Commodity Futures Trading Commission Chairman Gary Gensler said the agency’s new regulations for the derivatives market must cover banks, non-banks and parts of the financial system that “pose new risks.”
“We must oversee a banking system, shadow banking system, derivatives marketplace and Wall Street,” Gensler said today in remarks prepared for a conference at Princeton University in New Jersey. “We don’t have the luxury to turn back the clock, but we do have the responsibility to update our oversight for the financial system of the time.”
The CFTC and the Securities and Exchange Commission are leading U.S. efforts to draft regulations for the $583 trillion over-the-counter derivatives market after largely unregulated trading complicated efforts to resolve the 2008 credit crisis. The new rules are required under the Dodd-Frank financial-regulation law enacted in July.

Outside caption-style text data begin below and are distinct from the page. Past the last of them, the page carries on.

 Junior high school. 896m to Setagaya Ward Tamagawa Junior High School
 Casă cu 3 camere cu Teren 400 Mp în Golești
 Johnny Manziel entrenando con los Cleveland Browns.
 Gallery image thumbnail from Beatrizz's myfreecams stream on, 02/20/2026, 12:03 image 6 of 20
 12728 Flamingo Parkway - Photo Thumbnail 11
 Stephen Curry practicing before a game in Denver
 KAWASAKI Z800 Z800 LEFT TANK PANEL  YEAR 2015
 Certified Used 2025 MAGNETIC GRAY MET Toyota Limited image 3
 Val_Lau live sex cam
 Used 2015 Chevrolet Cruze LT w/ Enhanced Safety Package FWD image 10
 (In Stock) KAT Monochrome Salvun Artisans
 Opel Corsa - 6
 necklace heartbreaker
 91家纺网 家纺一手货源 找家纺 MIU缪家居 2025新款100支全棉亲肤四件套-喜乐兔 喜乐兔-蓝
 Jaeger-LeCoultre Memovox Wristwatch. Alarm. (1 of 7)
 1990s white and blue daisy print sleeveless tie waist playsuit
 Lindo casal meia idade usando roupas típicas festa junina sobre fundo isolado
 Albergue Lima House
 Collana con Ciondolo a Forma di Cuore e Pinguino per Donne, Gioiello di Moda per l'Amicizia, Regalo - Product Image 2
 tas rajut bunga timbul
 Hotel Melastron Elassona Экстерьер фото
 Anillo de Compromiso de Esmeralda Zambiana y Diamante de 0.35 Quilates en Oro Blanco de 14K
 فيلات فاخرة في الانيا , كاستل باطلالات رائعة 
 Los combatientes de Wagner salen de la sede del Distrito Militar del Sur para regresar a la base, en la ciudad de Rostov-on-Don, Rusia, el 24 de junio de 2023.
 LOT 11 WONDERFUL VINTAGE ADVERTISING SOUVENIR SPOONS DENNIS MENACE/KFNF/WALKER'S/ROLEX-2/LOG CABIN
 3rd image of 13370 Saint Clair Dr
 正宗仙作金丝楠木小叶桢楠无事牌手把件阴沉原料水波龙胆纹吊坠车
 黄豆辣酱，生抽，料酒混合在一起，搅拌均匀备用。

Gensler’s agency is planning three meetings in December to consider proposals for defining swaps dealers and other entities in swaps markets, he said on Nov. 19. The CFTC has already held five public meetings to consider and vote on proposed rules.
Derivatives, including swaps, are financial instruments used to hedge risks or for speculation. They’re derived from stocks, bonds, loans, currencies and commodities, or linked to specific events like changes in the weather or interest rates. Options and futures are the most common types of derivatives.